Application Use case

  1. Hosts: In 2014, Airbnb launched the Superhost programme to reward hosts with outstanding hospitality. As a Superhost, one will have better earnings, more visibility, and are able to earn exclusive rewards such as increased earnings compared to regular hosts. To become a Superhost, these are the criteria to be met:
  • 4.8 or higher overall rating based on reviews

  • Completed at least 10 stays in the past year or 100 nights over at least 3 completed stays

  • Less than 1% cancellation rate, not including extenuating circumstances

  • Responds to 90% of new messages within 24 hours.

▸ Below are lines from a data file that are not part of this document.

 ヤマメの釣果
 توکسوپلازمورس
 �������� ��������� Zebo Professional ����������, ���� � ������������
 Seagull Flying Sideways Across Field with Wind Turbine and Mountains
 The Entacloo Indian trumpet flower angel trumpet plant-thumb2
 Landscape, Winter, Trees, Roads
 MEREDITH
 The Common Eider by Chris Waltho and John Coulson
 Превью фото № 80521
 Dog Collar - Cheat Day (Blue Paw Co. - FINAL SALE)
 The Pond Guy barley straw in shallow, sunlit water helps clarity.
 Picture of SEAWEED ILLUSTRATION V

  1. Guests: With over 60,000 members and 6000 properties listed on Airbnb website, a dilemma on which is the right space might be of concern to users.

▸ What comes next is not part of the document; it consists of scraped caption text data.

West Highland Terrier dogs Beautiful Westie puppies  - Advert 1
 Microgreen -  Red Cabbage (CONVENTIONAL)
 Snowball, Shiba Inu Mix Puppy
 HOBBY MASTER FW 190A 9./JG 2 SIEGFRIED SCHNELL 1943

Hence, this dashboard allows users to analyse their needs and compare across other listings.

Data

Dataset used is obtained from Inside Airbnb. In particular, we extracted the following files:

  • listing.csv.gz: This dataset consists of 74 variables and 4256 data points.
  • Reviews.csv.gz: This dataset provides 6 variables and 52368 data points.

The location is Singapore, with latest date compiled on 27 January 2021.

Proposed Analytical Methods and Visualisation

Map

To show the distribution of listings in Singapore. The intensity of colour can be used to highlight price range, superhost, room type, etc.

Word Cloud

To explore the frequency of textual data of reviews and listings. This allows users to identify the words that are most commonly associated (proportionate to size) with a particular listing / neighbourhood, etc.

Sentiment

To identify positive and negative words associated with the listings, cloud comparison is used.

Exploratory Data Analysis

To explore the Airbnb dataset and identify interesting trends with the interactive visualization.

Confirmatory Data Analysis

To perform statistical test on listings data to augment findings found in the “Exploratory” tab.

Distribution of variables

To have better understanding of the variables and their potential to be a predictor of a response variable (price/rating), predictive analysis with different model types can be done.

Correlation matrix

To visualise the relationships between the independent variables and check for signs of multi-collinearity among the independent variables. Highly correlated variables to be excluded from the model.

Multiplot

To check for any signs for complete and/or quasi-complete separation, which must be excluded from the predictive model as they will prevent the convergence of the maximum likelihood estimates for the coefficient and ultimately distorting the model.

Data splitting and sampling

To partition the data into training/test/validation sets and apply selected cross validation.

Note: Percentage of target must be proportionate across the different dataset.

Model calibration

To select calibrate different classification and regression models.

Model evaluation

To select assessment method for model, compute confusion matrix and display variable importance of selected model.

Proposed R Packages

PackagesPurpose
TidyverseFor data manipulation
cld3To filter out non-English observations
TidytextFor processing textual data
wordcloudTo create word cloud
PlotlyCreate interactive plots for exploratory analysis
ggstatsplotCreate plots with statistical tests included within plot
TidymodelsBuild prediction models

Revelant work

Bion R, Chang R, Goodman J. 2017. How R helps Airbnb make the most of its data. PeerJ Preprints 5:e3182v1 https://doi.org/10.7287/peerj.preprints.3182v1

Lu, Y., Garcia, R., Hansen, B., Gleicher, M., & Maciejewski, R. (2017). The State-of-the-Art in Predictive Visual Analytics. Computer Graphics Forum, 36(3), 539–562. https://doi-org.libproxy.smu.edu.sg/10.1111/cgf.13210

Scrivner, Olga & Chakilam, Vinita & Poojary, Jivitesh & Sahoo, Nilima & Uppuluri, Chandan & De Spiegeleire, Stephan. (2017). Building Customized Text Mining Tools via Shiny Framework: The Future of Data Visualization.

Staniak, M., & Biecek, P. (2019). The Landscape of R Packages for Automated Exploratory Data Analysis. R J., 11, 347.